For one thing, it is important to note that in the conventional use of reification, the subject of the reification triples is assumed to identify a particular instance of a triple in a particular RDF document, rather than some arbitrary triple having the same subject, predicate, and object. This particular convention is used because reification is intended for expressing properties such as dates of composition and source information, as in the examples given already, and these properties need to be applied to specific instances of triples. There could be several triples that have the same subject, predicate, and object and, although a graph is defined as a set of triples, several instances with the same triple structure might occur in different documents. Thus, to fully support this convention, there needs to be some means of associating the subject of the reification triples with an individual triple in some document. However, RDF provides no way to do this.

 

It's apparent that at least some people seriously involved with RDF are convinced that there is always going to be context information of some sort that is not in the record/tuple/whatever itself that you need to know to find things. Not to mention some amazing, "and now we back-link to all of this" stuff that I've seen. ("Great, we've 'navigated' to the order for this customer. Now, who purchased this order? Uh....")

 

 

From: Fabian Pascal

To: CS

 

I stated this in a much simpler form many times: There is no such thing as "unstructured data", that's a contradiction in terms; anything unstructured is random noise and, therefore, carries no meaning/information and, therefore, is not data. XML is, of course, structured too, except that it is a regression to the hierarchic structure that we discarded decades ago because it was not cost-effective (see Those Who Don't Know the Past Are Condemned to Repeat It).

 

It's only ignorance in the industry, due to lack of education on fundamentals, that could have come up with XML as a basis for data management. Those who invented XML were text processing and programming people, who confused semantics with text formatting (see To a Hammer Everything Looks Like Nails Parts 1, 2).

 

As evidence that even so-called database experts do not understand fundamentals, the main author of SQL also bought into the nonsense of XML databases and authored the XQuery proposal for W3C (see If You Liked SQL, You'll Love XQuery).

 

Codd invented the relational model to avoid precisely the problematics of hierarchic navigation. But in a society/industry where ignorance of history is considered an asset and knowledge and reason a liability, there is no learning curve and, therefore, square wheels keep being reinvented.

 

 

From: CS

 

Funny thing, you know, as I was dealing with a pile of e-mail address objects in a program the other day, I was doing the usual various contortions to organize them (hash tables within hash tables and do so on) when it struck me: we're going exactly backwards with this so-called "object-relational impedance mismatch." In my OO programs I'm mucking about with essentially hierarchical data access methods, and all of these damn OO-Relational frameworks are just turning my nice relational databases into objects with pointers to each other. Why can't I use relational access methods in my OO programs? Then something silly like:

 

all_locations = Array.new

addresses.each { |address|

    unless location_list.include?(address.location)

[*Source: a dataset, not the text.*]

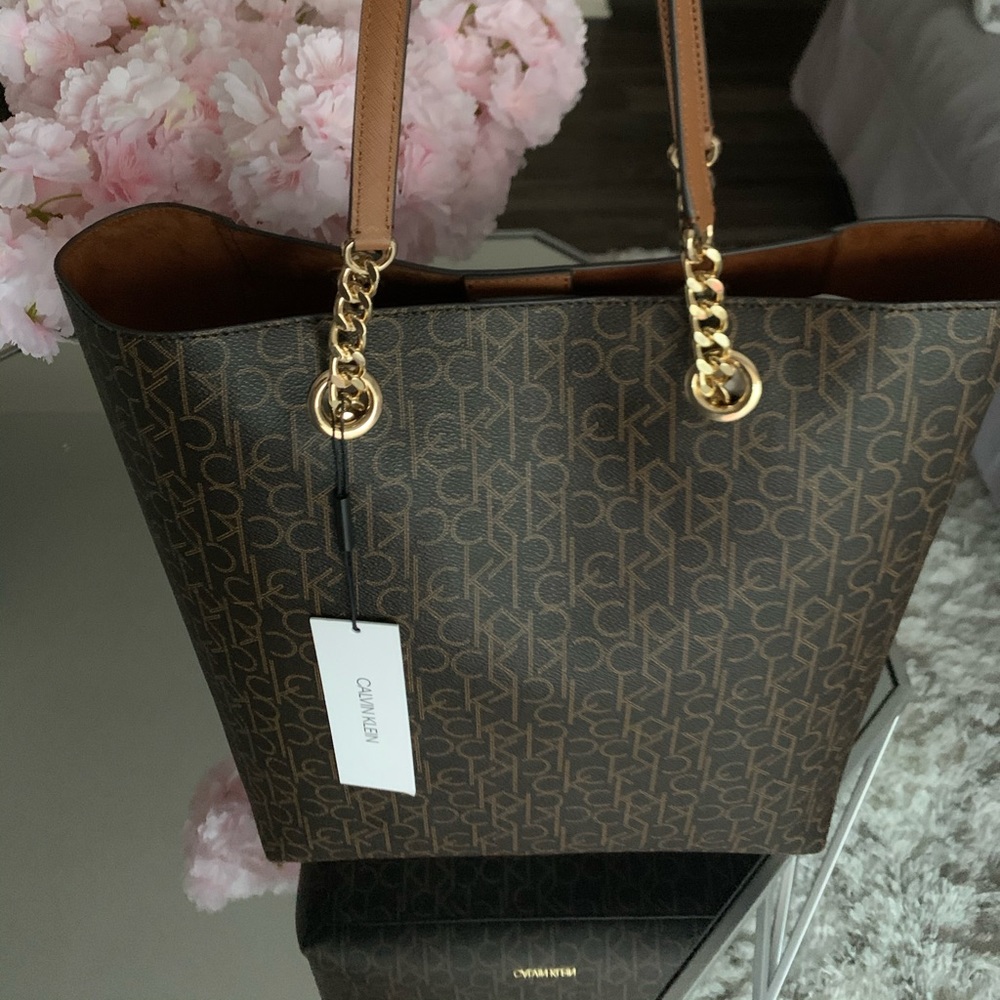 Calvin Klein large tote with chain strip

        all_locations << address.location

    end}

 

would turn into (just making up syntax off the top of my head here)

 

addresses.restrict(:location).distinct

 

What do you think?

 

 

From: Fabian Pascal

 

And you just realized this? We have been arguing this for years.

 

 

From: CS

 

Really? Where have you proposed this publicly? I've read your PRACTICAL ISSUES IN DATABASE MANAGEMENT and several books by Date, not to mention everything freely available on your website, and I don't recall this being proposed anywhere.

 

To be taken seriously, or even to become known at all, this really needs first of all a reasonably detailed proposal for some language that's currently in use, and second a rough implementation to demonstrate not only that this can be done, but that there are grounds to believe that this can be implemented with reasonable efficiency. Open source that, get a few people interested, and you may have something.

 

 

From: Fabian Pascal

 

It was not a "formal proposal" and it was earlier than the site and last book. I am referring to the "impedance mismatch" nonsense: we debunked it as being backwards: we need to raise the level of abstraction of programming, not lower that of DBMSs.

 

 

From: CS

 

Ah, ok. You should keep repeating that, so that the new generation, as they discover your work, keeps that idea in mind.

 

As well, there's probably an opportunity to promote this by RDBMS vendors you may know and work with; you could encourage them to develop alternative APIs that integrate more tightly with the RDBMS than, say, JDBC, as this might be a selling point for their RDBMS product, as well as getting the idea out there.

 

 

From: Fabian Pascal

 

Everything we say we repeat over and over again, to no avail. This is a systemic problem and we cannot change the system.

 

Nope. Vendors don't care about this, as long as they can make money based on ignorance. And they sure don't listen to us.

 

IBM has just announced that next generation of their DBMS will be XML (see When Ignorance is Expertise, forthcoming at www.dbazine.com. And Codd invented the RM at IBM. ‘nough said.

 

 

Posted 2/18/05